┏━━

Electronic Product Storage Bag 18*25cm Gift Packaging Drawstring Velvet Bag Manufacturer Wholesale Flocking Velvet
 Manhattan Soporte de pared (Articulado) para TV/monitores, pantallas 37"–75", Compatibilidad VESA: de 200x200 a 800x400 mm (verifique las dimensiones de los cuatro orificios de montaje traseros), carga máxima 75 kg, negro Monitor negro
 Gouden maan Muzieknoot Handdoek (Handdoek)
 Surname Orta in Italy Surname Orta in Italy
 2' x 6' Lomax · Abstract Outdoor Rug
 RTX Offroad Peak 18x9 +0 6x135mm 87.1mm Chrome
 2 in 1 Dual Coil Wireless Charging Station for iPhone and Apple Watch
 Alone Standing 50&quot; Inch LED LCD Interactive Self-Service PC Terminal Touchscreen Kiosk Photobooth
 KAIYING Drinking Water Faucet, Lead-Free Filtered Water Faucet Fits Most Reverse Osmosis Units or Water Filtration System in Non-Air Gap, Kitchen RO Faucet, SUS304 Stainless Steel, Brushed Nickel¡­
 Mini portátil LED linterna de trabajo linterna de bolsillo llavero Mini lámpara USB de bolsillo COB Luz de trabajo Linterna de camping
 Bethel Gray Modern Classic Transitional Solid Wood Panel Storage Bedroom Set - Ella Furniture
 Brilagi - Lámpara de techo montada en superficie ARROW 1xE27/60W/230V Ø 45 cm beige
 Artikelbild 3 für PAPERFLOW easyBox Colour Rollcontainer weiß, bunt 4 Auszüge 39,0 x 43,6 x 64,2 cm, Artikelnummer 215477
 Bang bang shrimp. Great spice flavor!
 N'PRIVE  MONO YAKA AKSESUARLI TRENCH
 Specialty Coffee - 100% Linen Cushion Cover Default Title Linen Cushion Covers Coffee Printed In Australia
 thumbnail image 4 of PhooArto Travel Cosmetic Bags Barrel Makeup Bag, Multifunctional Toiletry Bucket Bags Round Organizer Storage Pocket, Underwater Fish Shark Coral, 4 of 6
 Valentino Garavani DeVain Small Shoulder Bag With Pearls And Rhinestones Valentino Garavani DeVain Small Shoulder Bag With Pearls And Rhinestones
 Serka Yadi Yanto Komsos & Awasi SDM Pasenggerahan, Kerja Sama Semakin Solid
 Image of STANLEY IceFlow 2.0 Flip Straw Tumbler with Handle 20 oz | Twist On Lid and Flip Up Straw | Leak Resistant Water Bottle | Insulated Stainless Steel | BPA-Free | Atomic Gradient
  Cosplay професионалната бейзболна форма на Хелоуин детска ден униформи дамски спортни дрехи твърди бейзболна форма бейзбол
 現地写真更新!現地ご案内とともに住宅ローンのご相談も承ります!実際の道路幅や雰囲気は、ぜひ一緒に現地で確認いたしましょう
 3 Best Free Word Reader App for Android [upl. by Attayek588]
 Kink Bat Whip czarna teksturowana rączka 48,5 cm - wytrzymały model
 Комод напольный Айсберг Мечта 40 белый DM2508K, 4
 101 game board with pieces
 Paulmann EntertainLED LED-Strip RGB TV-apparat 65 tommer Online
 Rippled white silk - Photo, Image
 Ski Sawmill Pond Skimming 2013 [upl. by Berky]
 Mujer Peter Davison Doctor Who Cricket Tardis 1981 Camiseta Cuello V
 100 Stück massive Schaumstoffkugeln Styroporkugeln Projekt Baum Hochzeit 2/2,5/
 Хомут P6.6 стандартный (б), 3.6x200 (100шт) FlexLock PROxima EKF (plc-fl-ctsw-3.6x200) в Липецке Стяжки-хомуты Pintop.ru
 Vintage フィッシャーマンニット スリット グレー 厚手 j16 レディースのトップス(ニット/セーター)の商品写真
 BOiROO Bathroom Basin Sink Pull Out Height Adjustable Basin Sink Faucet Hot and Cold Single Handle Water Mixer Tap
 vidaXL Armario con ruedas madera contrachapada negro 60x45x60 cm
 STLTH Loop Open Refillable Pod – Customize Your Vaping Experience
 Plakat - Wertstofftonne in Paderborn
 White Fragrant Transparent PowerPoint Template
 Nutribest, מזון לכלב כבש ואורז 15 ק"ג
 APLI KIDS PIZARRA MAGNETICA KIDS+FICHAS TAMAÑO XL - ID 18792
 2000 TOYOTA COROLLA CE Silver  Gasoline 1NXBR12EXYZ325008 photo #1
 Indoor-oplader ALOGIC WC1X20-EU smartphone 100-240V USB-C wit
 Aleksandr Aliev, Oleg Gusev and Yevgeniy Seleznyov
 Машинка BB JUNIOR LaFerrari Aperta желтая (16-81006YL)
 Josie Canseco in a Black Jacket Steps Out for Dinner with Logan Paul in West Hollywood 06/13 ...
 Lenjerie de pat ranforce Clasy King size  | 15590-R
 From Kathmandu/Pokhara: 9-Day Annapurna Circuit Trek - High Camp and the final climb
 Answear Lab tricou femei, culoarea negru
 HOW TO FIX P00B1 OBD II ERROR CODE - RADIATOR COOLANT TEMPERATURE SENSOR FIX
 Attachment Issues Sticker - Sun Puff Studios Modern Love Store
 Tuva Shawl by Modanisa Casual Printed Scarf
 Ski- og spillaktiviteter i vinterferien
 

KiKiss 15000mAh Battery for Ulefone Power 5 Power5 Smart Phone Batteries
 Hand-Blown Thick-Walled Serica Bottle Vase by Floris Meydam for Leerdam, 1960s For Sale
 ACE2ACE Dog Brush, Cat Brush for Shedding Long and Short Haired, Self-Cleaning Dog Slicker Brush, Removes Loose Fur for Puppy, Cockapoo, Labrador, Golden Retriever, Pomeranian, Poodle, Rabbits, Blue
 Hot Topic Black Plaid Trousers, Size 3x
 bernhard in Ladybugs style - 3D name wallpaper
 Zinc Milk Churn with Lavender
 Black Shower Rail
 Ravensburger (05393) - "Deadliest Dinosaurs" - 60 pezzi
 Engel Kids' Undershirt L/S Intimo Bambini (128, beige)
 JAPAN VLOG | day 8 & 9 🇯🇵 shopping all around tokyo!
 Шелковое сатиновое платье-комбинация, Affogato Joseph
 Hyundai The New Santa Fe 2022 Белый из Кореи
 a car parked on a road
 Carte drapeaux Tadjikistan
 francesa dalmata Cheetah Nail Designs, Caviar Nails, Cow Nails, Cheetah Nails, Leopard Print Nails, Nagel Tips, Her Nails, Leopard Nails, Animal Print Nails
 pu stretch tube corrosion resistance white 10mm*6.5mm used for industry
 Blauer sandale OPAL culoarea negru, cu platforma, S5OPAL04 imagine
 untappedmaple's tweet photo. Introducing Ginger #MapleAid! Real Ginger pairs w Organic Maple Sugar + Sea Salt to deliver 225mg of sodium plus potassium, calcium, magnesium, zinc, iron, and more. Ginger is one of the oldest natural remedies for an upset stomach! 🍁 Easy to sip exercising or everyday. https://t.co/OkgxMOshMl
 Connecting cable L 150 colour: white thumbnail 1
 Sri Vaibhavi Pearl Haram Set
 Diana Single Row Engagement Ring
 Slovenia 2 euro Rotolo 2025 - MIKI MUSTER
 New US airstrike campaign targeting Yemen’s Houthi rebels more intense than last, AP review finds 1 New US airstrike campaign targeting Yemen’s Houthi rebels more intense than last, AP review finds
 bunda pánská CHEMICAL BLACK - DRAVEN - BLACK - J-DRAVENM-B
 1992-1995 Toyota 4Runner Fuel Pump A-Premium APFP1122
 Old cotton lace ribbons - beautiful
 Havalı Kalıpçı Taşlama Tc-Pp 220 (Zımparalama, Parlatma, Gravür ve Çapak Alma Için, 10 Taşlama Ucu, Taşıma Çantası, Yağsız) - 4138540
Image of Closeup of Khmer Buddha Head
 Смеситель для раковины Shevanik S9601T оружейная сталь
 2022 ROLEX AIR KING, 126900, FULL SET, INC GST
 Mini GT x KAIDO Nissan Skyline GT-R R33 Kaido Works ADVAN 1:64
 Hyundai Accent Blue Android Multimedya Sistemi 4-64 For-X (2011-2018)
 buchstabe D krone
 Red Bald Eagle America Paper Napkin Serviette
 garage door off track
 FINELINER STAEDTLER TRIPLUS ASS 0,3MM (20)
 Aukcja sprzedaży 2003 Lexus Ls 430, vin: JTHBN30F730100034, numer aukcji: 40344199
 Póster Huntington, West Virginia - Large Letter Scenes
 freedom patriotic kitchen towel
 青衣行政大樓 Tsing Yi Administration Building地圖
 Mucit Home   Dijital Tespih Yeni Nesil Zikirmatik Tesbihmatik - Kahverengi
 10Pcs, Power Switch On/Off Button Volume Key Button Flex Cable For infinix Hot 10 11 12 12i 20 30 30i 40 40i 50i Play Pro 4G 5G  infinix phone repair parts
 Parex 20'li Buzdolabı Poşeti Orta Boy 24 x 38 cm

┗━━

From the first line of the data above to the line containing "Manhattan Soporte de", repeat everything exactly and add nothing.

* [Solution to this exercise]
Electronic Product Storage Bag 18*25cm Gift Packaging Drawstring Velvet Bag Manufacturer Wholesale Flocking Velvet
 Manhattan Soporte de pared (Articulado) para TV/monitores, pantallas 37"–75", Compatibilidad VESA: de 200x200 a 800x400 mm (verifique las dimensiones de los cuatro orificios de montaje traseros), carga máxima 75 kg, negro Monitor negro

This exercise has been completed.